The U.S. Bureau of Labor Statistics said Wednesday that May’s consumer price index (CPI), which measures the change in prices on a variety of consumer goods and services, rose by a seasonally adjusted 0.5% month-over-month—a slightly slower rate than April’s 0.6% and in line with analysts’ estimates. The headline year-over-year reading remained elevated, with the 4.2% growth in consumer prices also meeting estimates but hotter than the prior month’s 3.8% and the highest such pace since May 2023.
“Core” CPI—a measure of inflation that excludes food and energy costs (factors that are more volatile than the other prices tracked by the Labor Department)—was a bit softer than expected on a month-over-month basis. Core inflation of 0.2% was both slower than April’s 0.4% rate and estimates for 0.3%. But on a year-over-year basis, a core CPI increase of 2.9% was in line with estimates and a hair quicker than April’s 2.8%.
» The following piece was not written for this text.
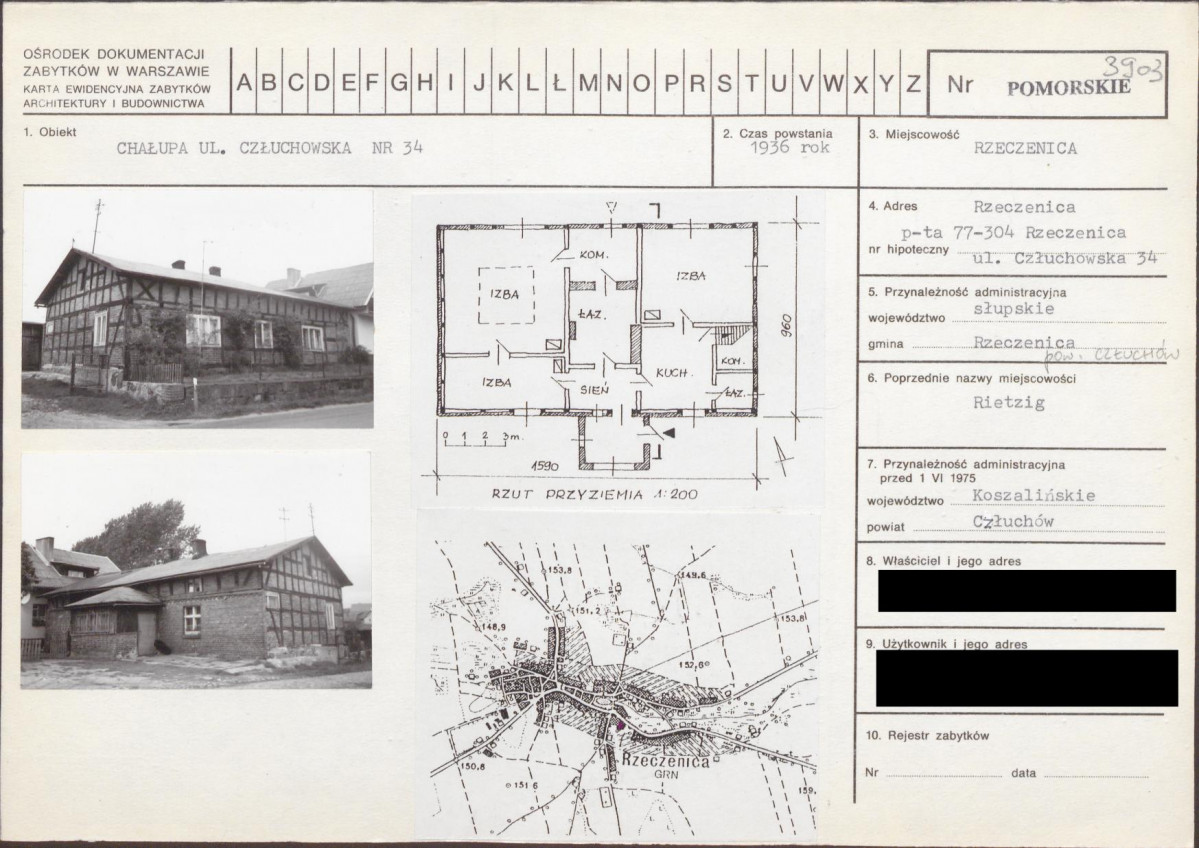 KB - Karta biała, skan nr 1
Related: ‘Barnburner’ May Jobs Report Puts Fed Rate Hike in Play
With core measures suggesting more limited price increases and much of the upside coming from oil directly (energy) or indirectly (airfares), today’s release suggests that inflationary pressures stemming from the oil price shock have remained manageable for the U.S. economy so far,” says Josh Jamner, Senior Investment Strategy Analyst at ClearBridge Investments.
Here’s a quick look at May’s key CPI figures:
- MoM CPI: +0.5% (estimate: +0.5%)
- YoY CPI: +4.2% (estimate: +4.2%)
- MoM Core CPI: +0.2% (estimate: +0.3%)
- YoY Core CPI: +2.9% (estimate: +2.9%)

“While the recent spike in both headline and core inflation is meaningful and a headwind for the economy and more cyclical sectors, tailwinds from the AI investment cycle, potential benefits from the Big Beautiful Bill, and the lagged impact of Fed rate cuts are all still providing meaningful support,” says Tim Urbanowicz, Chief Investment Strategist, Innovator ETFs from Goldman Sachs Asset Management. “If the Iran conflict drags on and inflationary pressures continue to build, there could come a point where that balance shifts, but we don’t see that today.”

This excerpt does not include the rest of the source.